- **Exercise objective**
Only one stretch of the data below is wanted: the lines starting at the one with "Creative: 847aebed9708e24e1638cdb4dad7b289" and ending at the one with "Nhận định bóng", both included, given again exactly.

- **Dataset entries**
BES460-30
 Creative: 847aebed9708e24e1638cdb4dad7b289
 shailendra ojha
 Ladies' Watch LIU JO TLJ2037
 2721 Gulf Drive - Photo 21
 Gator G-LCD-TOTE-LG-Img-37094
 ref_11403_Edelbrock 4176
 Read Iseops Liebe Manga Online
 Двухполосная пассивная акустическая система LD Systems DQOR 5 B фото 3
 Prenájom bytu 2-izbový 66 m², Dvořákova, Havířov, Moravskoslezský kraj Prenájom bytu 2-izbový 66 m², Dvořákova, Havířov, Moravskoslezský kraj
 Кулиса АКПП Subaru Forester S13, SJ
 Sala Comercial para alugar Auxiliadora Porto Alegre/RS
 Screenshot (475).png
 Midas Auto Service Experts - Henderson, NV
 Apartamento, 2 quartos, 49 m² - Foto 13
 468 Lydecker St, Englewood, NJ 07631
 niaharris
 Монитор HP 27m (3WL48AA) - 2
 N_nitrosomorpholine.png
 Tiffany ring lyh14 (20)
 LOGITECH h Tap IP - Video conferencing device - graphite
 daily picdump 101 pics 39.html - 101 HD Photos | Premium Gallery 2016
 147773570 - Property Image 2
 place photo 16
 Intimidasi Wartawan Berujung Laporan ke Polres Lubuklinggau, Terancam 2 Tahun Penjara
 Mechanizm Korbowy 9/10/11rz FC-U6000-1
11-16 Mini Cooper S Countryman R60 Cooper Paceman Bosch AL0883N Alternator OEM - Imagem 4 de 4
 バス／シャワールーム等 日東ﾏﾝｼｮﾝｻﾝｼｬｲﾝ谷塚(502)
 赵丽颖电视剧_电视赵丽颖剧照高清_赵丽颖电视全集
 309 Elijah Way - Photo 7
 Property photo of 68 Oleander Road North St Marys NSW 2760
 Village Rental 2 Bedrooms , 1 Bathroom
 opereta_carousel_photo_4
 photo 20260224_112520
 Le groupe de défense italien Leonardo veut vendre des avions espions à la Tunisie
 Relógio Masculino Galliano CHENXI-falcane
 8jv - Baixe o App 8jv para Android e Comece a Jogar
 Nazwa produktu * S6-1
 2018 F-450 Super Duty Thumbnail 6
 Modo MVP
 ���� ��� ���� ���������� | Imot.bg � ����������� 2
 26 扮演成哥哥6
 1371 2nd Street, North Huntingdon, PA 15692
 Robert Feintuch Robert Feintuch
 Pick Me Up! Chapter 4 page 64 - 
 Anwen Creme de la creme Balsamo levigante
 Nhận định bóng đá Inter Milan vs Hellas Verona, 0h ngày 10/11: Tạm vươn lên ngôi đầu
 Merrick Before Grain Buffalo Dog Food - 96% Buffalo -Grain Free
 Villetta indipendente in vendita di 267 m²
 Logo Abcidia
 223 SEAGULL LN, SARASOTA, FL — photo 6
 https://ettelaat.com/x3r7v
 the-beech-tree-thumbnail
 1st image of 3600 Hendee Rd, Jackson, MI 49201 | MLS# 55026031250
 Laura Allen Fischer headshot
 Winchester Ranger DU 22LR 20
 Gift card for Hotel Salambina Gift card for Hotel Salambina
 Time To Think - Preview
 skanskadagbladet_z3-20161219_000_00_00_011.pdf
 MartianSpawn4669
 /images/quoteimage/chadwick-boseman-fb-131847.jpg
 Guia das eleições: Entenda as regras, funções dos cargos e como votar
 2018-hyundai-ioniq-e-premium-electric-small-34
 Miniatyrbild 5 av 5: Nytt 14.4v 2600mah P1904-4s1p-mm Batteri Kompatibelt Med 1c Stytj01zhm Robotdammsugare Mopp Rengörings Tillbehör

- **Answer section**
 Creative: 847aebed9708e24e1638cdb4dad7b289
 shailendra ojha
 Ladies' Watch LIU JO TLJ2037
 2721 Gulf Drive - Photo 21
 Gator G-LCD-TOTE-LG-Img-37094
 ref_11403_Edelbrock 4176
 Read Iseops Liebe Manga Online
 Двухполосная пассивная акустическая система LD Systems DQOR 5 B фото 3
 Prenájom bytu 2-izbový 66 m², Dvořákova, Havířov, Moravskoslezský kraj Prenájom bytu 2-izbový 66 m², Dvořákova, Havířov, Moravskoslezský kraj
 Кулиса АКПП Subaru Forester S13, SJ
 Sala Comercial para alugar Auxiliadora Porto Alegre/RS
 Screenshot (475).png
 Midas Auto Service Experts - Henderson, NV
 Apartamento, 2 quartos, 49 m² - Foto 13
 468 Lydecker St, Englewood, NJ 07631
 niaharris
 Монитор HP 27m (3WL48AA) - 2
 N_nitrosomorpholine.png
 Tiffany ring lyh14 (20)
 LOGITECH h Tap IP - Video conferencing device - graphite
 daily picdump 101 pics 39.html - 101 HD Photos | Premium Gallery 2016
 147773570 - Property Image 2
 place photo 16
 Intimidasi Wartawan Berujung Laporan ke Polres Lubuklinggau, Terancam 2 Tahun Penjara
 Mechanizm Korbowy 9/10/11rz FC-U6000-1
11-16 Mini Cooper S Countryman R60 Cooper Paceman Bosch AL0883N Alternator OEM - Imagem 4 de 4
 バス／シャワールーム等 日東ﾏﾝｼｮﾝｻﾝｼｬｲﾝ谷塚(502)
 赵丽颖电视剧_电视赵丽颖剧照高清_赵丽颖电视全集
 309 Elijah Way - Photo 7
 Property photo of 68 Oleander Road North St Marys NSW 2760
 Village Rental 2 Bedrooms , 1 Bathroom
 opereta_carousel_photo_4
 photo 20260224_112520
 Le groupe de défense italien Leonardo veut vendre des avions espions à la Tunisie
 Relógio Masculino Galliano CHENXI-falcane
 8jv - Baixe o App 8jv para Android e Comece a Jogar
 Nazwa produktu * S6-1
 2018 F-450 Super Duty Thumbnail 6
 Modo MVP
 ���� ��� ���� ���������� | Imot.bg � ����������� 2
 26 扮演成哥哥6
 1371 2nd Street, North Huntingdon, PA 15692
 Robert Feintuch Robert Feintuch
 Pick Me Up! Chapter 4 page 64 - 
 Anwen Creme de la creme Balsamo levigante
 Nhận định bóng đá Inter Milan vs Hellas Verona, 0h ngày 10/11: Tạm vươn lên ngôi đầu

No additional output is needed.